Objectives Directly measuring disease incidence in a population is difficult and not feasible to do routinely. We describe the development and application of a new method for estimating at a population level the number of incident genital chlamydia infections, and the corresponding incidence rates, by age and sex using routine surveillance data.
Methods A Bayesian statistical approach was developed to calibrate the parameters of a decision-pathway tree against national data on numbers of notifications and tests conducted (2001–2013). Independent beta probability density functions were adopted for priors on the time-independent parameters; the shapes of these beta parameters were chosen to match prior estimates sourced from peer-reviewed literature or expert opinion. To best facilitate the calibration, multivariate Gaussian priors on (the logistic transforms of) the time-dependent parameters were adopted, using the Matérn covariance function to favour small changes over consecutive years and across adjacent age cohorts. The model outcomes were validated by comparing them with other independent empirical epidemiological measures, that is, prevalence and incidence as reported by other studies.

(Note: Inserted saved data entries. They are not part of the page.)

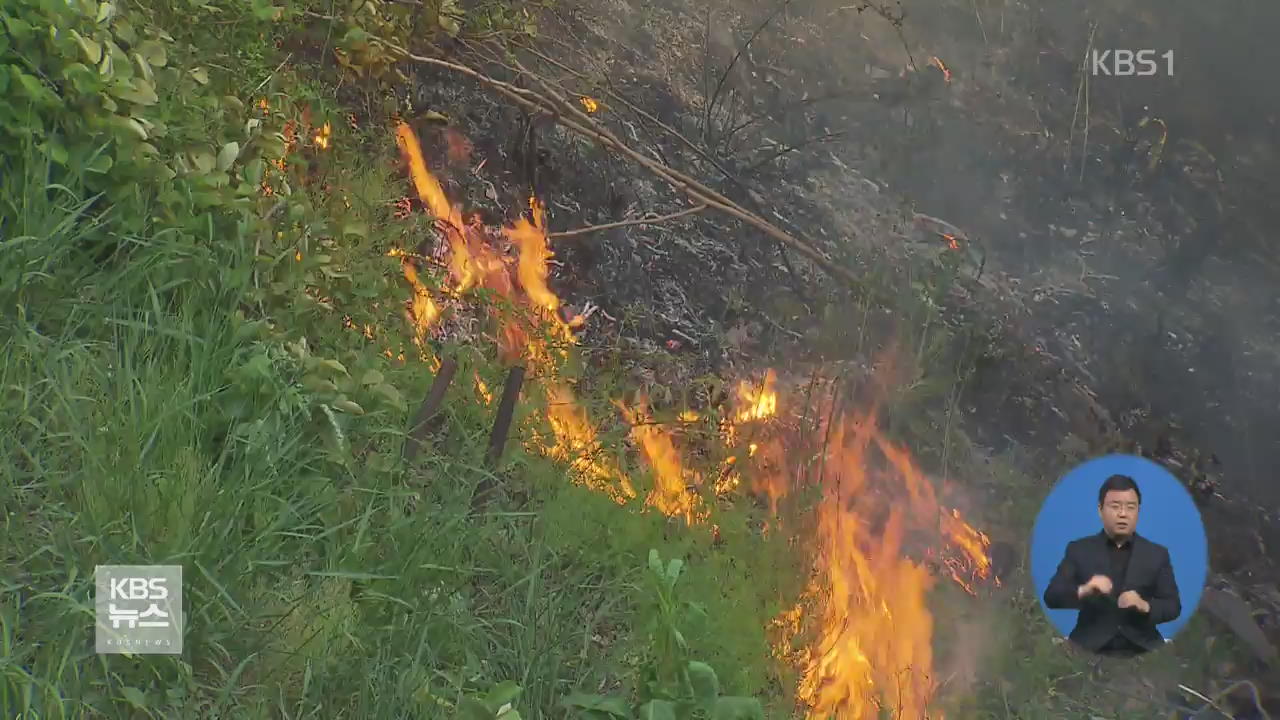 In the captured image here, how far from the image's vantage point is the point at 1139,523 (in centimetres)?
330

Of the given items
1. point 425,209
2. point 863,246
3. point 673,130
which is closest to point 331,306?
point 425,209

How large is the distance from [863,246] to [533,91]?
1.16 metres

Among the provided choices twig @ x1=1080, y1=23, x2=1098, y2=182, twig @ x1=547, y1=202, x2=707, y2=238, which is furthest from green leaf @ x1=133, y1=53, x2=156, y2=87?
twig @ x1=1080, y1=23, x2=1098, y2=182

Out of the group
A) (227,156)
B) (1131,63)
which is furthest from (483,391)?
(1131,63)

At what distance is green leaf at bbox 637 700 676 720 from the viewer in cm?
229

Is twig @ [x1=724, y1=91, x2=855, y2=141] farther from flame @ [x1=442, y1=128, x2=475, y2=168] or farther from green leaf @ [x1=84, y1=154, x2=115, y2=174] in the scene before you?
green leaf @ [x1=84, y1=154, x2=115, y2=174]

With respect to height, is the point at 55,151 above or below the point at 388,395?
above

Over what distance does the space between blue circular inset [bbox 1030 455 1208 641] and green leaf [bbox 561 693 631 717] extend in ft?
4.99

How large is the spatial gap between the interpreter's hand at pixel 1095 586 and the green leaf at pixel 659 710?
1484 millimetres

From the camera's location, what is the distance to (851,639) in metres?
3.23

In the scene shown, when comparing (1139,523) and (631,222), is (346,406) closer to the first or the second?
(631,222)

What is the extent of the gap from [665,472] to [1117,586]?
1.33 meters

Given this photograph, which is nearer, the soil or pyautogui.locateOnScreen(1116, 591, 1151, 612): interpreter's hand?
pyautogui.locateOnScreen(1116, 591, 1151, 612): interpreter's hand

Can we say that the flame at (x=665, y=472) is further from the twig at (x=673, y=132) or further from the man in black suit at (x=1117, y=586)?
the man in black suit at (x=1117, y=586)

Results Model-based estimates suggest that the total number of people acquiring chlamydia per year in Australia has increased by ∼120% over 12 years. Nationally, an estimated 356 000 people acquired chlamydia in 2013, which is 4.3 times the number of reported diagnoses. This corresponded to a chlamydia annual incidence estimate of 1.54% in 2013, increased from 0.81% in 2001 (∼90% increase).
Conclusions We developed a statistical method which uses routine surveillance (notifications and testing) data to produce estimates of the extent and trends in chlamydia incidence.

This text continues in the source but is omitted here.